The RAPIDS suite of open source software libraries and APIs gives you the ability to execute end-to-end data science and analytics pipelines entirely on GPUs. Licensed under Apache 2.0, RAPIDS is incubated by NVIDIA® based on extensive hardware and data science science experience. RAPIDS utilizes NVIDIA CUDA® primitives for low-level compute optimization, and exposes GPU parallelism and high-bandwidth memory speed through user-friendly Python interfaces.
RAPIDS also focuses on common data preparation tasks for analytics and data science. This includes a familiar dataframe API that integrates with a variety of machine learning algorithms for end-to-end pipeline accelerations without paying typical serialization costs.
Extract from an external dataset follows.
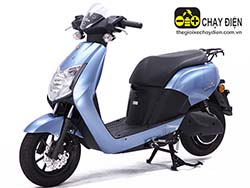 Xe máy điện Honda Prinz Xe máy điện Honda Prinz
RAPIDS also includes support for multi-node, multi-GPU deployments, enabling vastly accelerated processing and training on much larger dataset sizes.
For RAPIDS logos, themes, branding, and other guides, take a look at our Branding and Guides page.
RAPIDS had its start from the Apache Arrow and GoAi projects based on a columnar, in-memory data structure that delivers efficient and fast data interchange with flexibility to support complex data models.
Libraries and APIs Overview
Some RAPIDS projects include cuDF, a pandas-like dataframe manipulation library; cuML, a collection of machine learning libraries that will provide GPU versions of algorithms available in scikit-learn; cuGraph, a NetworkX-like accelerated graph analytics library. Development follows a 6 week release schedule, so new features and libraries are always on the way.
Integration With Deep Learning Libraries
RAPIDS provides native
array_interface support. This means data stored in Apache Arrow can be seamlessly pushed to deep learning frameworks that accept
array_interface or work with DLPack, such as Chainer, MXNet, and PyTorch.
Our focus on Python allows RAPIDS to play well with most data science visualization libraries. For even greater performance, we are working towards deeper integration with these libraries since a native GPU in-memory data format provides high-performance, high-FPS data visualization capabilities, even with very large datasets.